Your punctuation problems are (1) you need to escape the .
with a backslash when you want to match the actual decimal point, otherwise it matches any character; and (2) you need to escape the double-quote or otherwise prevent it from terminating your string.
The best way to write this as a readable debuggable regex is to use a Python "raw" string r"like this"
which allows backslashes without escaping, and furthermore to triple-quote it, which lets you to use both '
and "
inside it without escaping. And since triple-quoted strings allow multi-line expressions, you could even compile in VERBOSE
mode, allowing whitespace and comments. Debuggability of your subsequent matching/extraction code is also improved if you use the (?P<...>)
named-group syntax in your regex—groups will then be accessible by meaningful names, in the match object's groupdict()
output.

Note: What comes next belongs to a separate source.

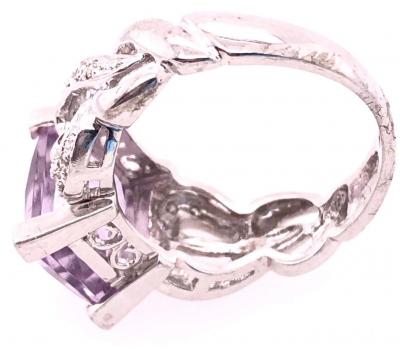 14 Karat White Gold Amethyst Solitaire Ring with Diamond Accents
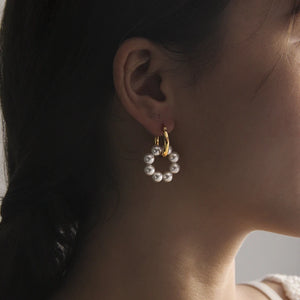 925 Silver Shell Pearl Wreath Drop Earrings for Women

Taken all together, that gives us:
PATTERNS = [ # a list of alternative acceptable formats
re.compile( r"""
^\s* # beginning of string (optional whitespace)
(?P<degrees>\d+)[\s] # integer number of degrees (NB: might be desirable to insert the degree symbol into the square brackets here, to allow that as a possibility?)
(?P<minutes>\d+)' # integer number of minutes
(?P<seconds>\d+(\.\d*)?)" # seconds, with optional decimal point and decimal places
(?P<axis>[NE]?) # optional 'N' or 'E' character (remove '?' to make it compulsory)
\s*$ # end of string (optional whitespace)
""", re.VERBOSE ),
re.compile( r"""
^\s* # beginning of string (optional whitespace)
(?P<degrees>\d+)[\s] # integer number of degrees (NB: might be desirable to insert the degree symbol into the square brackets here, to allow that as a possibility?)
(?P<minutes>\d+(\.\d*)?) # minutes, with optional decimal point and decimal places
(?P<axis>[NE]?) # optional 'N' or 'E' character (remove this line if this is never appropriate in this format)
\s*$ # end of string (optional whitespace)
""", re.VERBOSE ),
]